Cell Type–Specific Epigenetic Mechanisms for ECHS1 in Regulating Cardiac Gene Expression and Function

In cardiomyocytes (left), Echs1 haploinsufficiency (red arrow) results in elevated crotonyl-CoA levels and increases the expression of hypertrophic genes via histone crotonylation of H3K18 and H2BK12. In cardiac fibroblasts (right), Echs1 haploinsufficiency promotes p300 nuclear translocation, leading to increased H3K9 acetylation and expression of fibrosis-related genes. Nicotinamide mononucleotide (NMN) diet ameliorates the cardiomyopathy and fibrosis phenotypes in Echs1 mouse hearts, potentially by inhibiting H3K9 acetylation in cardiac fibroblasts. NAD+ = nicotinamide adenine dinucleotide; SIRT = sirtuin.
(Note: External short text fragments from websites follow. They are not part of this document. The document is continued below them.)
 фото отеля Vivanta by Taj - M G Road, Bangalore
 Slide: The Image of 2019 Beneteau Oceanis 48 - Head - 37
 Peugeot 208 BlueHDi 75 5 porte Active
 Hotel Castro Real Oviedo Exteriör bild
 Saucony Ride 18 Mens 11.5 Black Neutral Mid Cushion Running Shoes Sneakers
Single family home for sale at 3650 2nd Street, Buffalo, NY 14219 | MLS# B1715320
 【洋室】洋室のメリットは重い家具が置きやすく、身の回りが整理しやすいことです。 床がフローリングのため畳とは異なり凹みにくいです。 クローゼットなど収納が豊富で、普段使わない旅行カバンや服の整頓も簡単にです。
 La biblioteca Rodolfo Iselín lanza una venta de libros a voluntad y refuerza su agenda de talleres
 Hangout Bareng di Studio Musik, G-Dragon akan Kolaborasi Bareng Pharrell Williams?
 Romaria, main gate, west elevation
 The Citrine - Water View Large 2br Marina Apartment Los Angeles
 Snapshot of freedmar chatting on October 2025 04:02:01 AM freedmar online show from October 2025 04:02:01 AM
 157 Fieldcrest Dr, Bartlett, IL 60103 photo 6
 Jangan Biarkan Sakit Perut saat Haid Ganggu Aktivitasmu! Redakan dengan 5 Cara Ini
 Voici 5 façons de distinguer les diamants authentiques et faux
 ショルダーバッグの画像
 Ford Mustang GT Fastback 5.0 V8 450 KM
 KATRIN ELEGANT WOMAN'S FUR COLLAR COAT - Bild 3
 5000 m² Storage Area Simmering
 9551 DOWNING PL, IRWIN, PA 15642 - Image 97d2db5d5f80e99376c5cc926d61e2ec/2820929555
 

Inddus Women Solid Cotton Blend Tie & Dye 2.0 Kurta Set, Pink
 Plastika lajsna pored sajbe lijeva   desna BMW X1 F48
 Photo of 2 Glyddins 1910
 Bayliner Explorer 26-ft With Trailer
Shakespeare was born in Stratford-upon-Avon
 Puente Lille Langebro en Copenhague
Posttranslational modifications of histones and other epigenetic mechanisms mediate dynamic regulation of gene transcription in various cardiac cell types and thus contribute to the development of many cardiovascular diseases. Targeting epigenetic processes is emerging as a potential therapeutic approach for cardiac diseases. In the mitochondrial FAO, the ECHS1 enzyme catalyzes the hydration of 2-trans-enoyl-CoA (such as crotonyl-CoA) intermediates to L-3-hydroxyacyl-CoA. It was recently discovered that ECHS1 deficiency led to elevated cellular crotonyl-CoA levels in cardiomyocytes, resulting in increased crotonylation of histone marks H3K18 and H2BK12. These epigenetic changes increased the cardiomyocyte expression of hypertrophic genes such as Nppb and contributed to Echs1-associated cardiomyopathy in mouse models. In the present study, Cai et al identified another new epigenetic mechanism of ECHS1 function in cardiac fibroblasts that modulates fibrotic gene expression and fibrosis.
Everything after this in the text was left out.